Problem to work on: Without any pictures, retype exactly the lines that begin at the one holding "Zbiórka zużytego sprzętu" and end at the last line of the data below.

Dataset content:

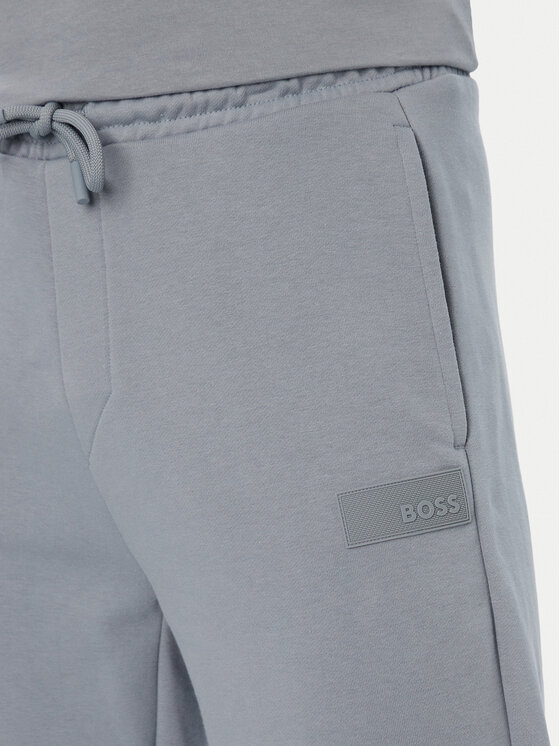 BOSS BOSS Спортивні штани JT_Long 50564096 Сірий Relaxed Fit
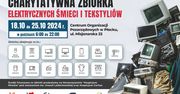 Zbiórka zużytego sprzętu RTV i AGD dla płockich hospicjów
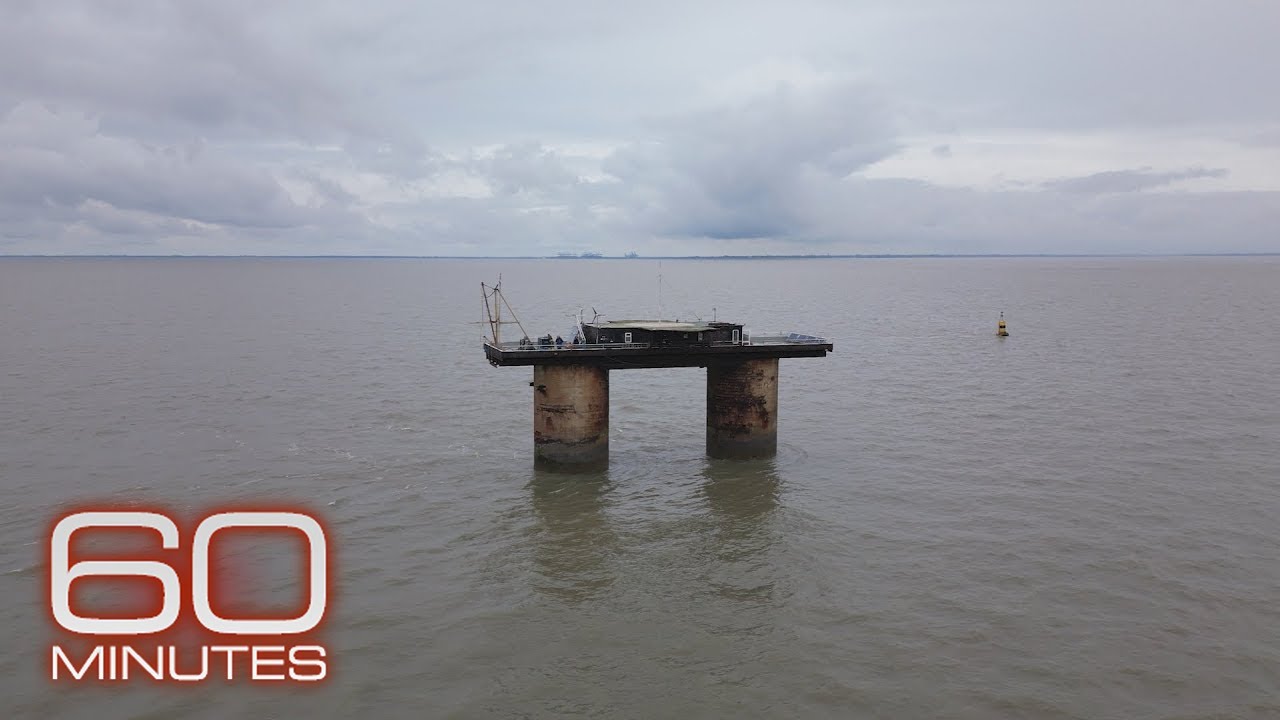 WELCOME TO SEALAND, THE WORLD’S SMALLEST STATE | 60 MİNUTES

Your response:
 Zbiórka zużytego sprzętu RTV i AGD dla płockich hospicjów
 WELCOME TO SEALAND, THE WORLD’S SMALLEST STATE | 60 MİNUTES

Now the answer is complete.